Ada lagi suatu penyakit sehubungan dengan penggunaan sound system dalam ibadah gereja. Mikrofon tidak hanya ada di depan pengkhotbah di atas mimbar, tetapi juga di depan lektor di mimbar kecil, lagi pula di depan pemimpin nyanyian dan para ‘singers’. Maka terjadi suatu kompetisi yang membingungkan: kalau pemimpin nyanyian (dirigen umat, prokantor) sedang berfungsi, terjadi persaingan dari pihak lain. Apa semua dengan suara masing-masing memimpin serempak? Siapa yang memimpin? Kalau pengkhotbah serta pembaca ikut menyanyi tanpa mundur secukupnya dari mikrofon, maka efeknya adalah bahwa ada tiga pemimpin sekaligus. Dua atau tiga kapten di kapal yang sama bisa membahayakan: jangan sampai kapal itu keliru haluan dan tidak akan sampai ke pelabuhan. Bisa jadi pengkhotah atau pemabaca dengan suara kerasnya salah nyanyi dengan tidak memperhatikan not, ritme dan tanda diam….. Maka pemimpin nyanyian menjadi kewalahan! Jika pengkhotbah atau pembaca tidak mau mundur dari mikrofon (setengah meter ke belakang atau ke samping mungkin sudah cukup) oleh karena ia ingin mendengar suaranya sendiri, maka operator sebaiknya mematikan mikrofonnya untuk sementara. Yang bersangkutan tidak usah marah-marah, sebab ia memang tidak ditugaskan untuk menjadi pemimpin nyanyian. Juga dalam hubungan ini nasihat dari rasul Paulus dalm 1 Korintus 14: 40 bukanlah tanpa alasan!
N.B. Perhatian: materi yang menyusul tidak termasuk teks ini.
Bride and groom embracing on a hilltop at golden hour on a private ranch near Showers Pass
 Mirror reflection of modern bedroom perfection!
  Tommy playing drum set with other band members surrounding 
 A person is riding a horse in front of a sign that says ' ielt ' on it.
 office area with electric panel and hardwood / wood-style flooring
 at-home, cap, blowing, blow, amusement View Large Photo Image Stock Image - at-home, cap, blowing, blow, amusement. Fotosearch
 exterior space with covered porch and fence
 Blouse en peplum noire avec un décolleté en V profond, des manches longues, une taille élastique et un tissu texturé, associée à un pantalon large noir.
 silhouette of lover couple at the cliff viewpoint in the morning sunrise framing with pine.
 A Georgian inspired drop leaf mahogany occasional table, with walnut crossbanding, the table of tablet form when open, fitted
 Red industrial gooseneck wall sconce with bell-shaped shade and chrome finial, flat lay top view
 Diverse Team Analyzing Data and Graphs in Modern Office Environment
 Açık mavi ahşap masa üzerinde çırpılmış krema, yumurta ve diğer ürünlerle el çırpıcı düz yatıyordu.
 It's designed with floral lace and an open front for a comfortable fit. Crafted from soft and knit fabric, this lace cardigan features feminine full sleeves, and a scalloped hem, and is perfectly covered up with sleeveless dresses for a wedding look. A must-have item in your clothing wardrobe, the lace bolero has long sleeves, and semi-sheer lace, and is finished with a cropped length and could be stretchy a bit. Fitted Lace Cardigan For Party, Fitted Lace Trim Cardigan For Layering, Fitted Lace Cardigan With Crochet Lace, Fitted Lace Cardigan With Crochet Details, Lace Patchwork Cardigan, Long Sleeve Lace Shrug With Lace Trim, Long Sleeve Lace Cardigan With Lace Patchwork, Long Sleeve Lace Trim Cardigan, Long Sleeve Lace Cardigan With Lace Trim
Tugas utama pemimpin nyanyian ibadah ialah menuntun nyanyian umat bersama-sama dengan paduan suara dan solis-solis. Kadang-kadang ia memerlukan mikrofon, tetapi itu tak perlu bagi lagu-lagu yang sudah cukup dikenal oleh umat dan ternyata dapat diselenggarakan dengan tepat. Itu juga berlaku bagi para ‘singers’. Kerapkali ‘singers’ itu terlalu mendominasi nyanyian umat, sehingga keindahannya hilang. Juga anggota umat yang sakit atau lanjut usia, yang mengikuti ibadah gereja melalui radio, sistem telefon atau rekaman, lebih senang mendengar nyanyian umat ketimbang suara para solis yang mengganggu nyanyian umat itu. Dan tentunya ini berlaku untuk semua orang yang kebetulan menyaksikan ibadah gereja melalui media komunikasi massa. Para penyanyi di depan mikrofon perlu menyadari bahwa fungsi mereka (sama seperti fungsi sound system) adalah melayani dan bukan merajai.

Selamat menggunakan segala alat bantu elektronik secara proporsional!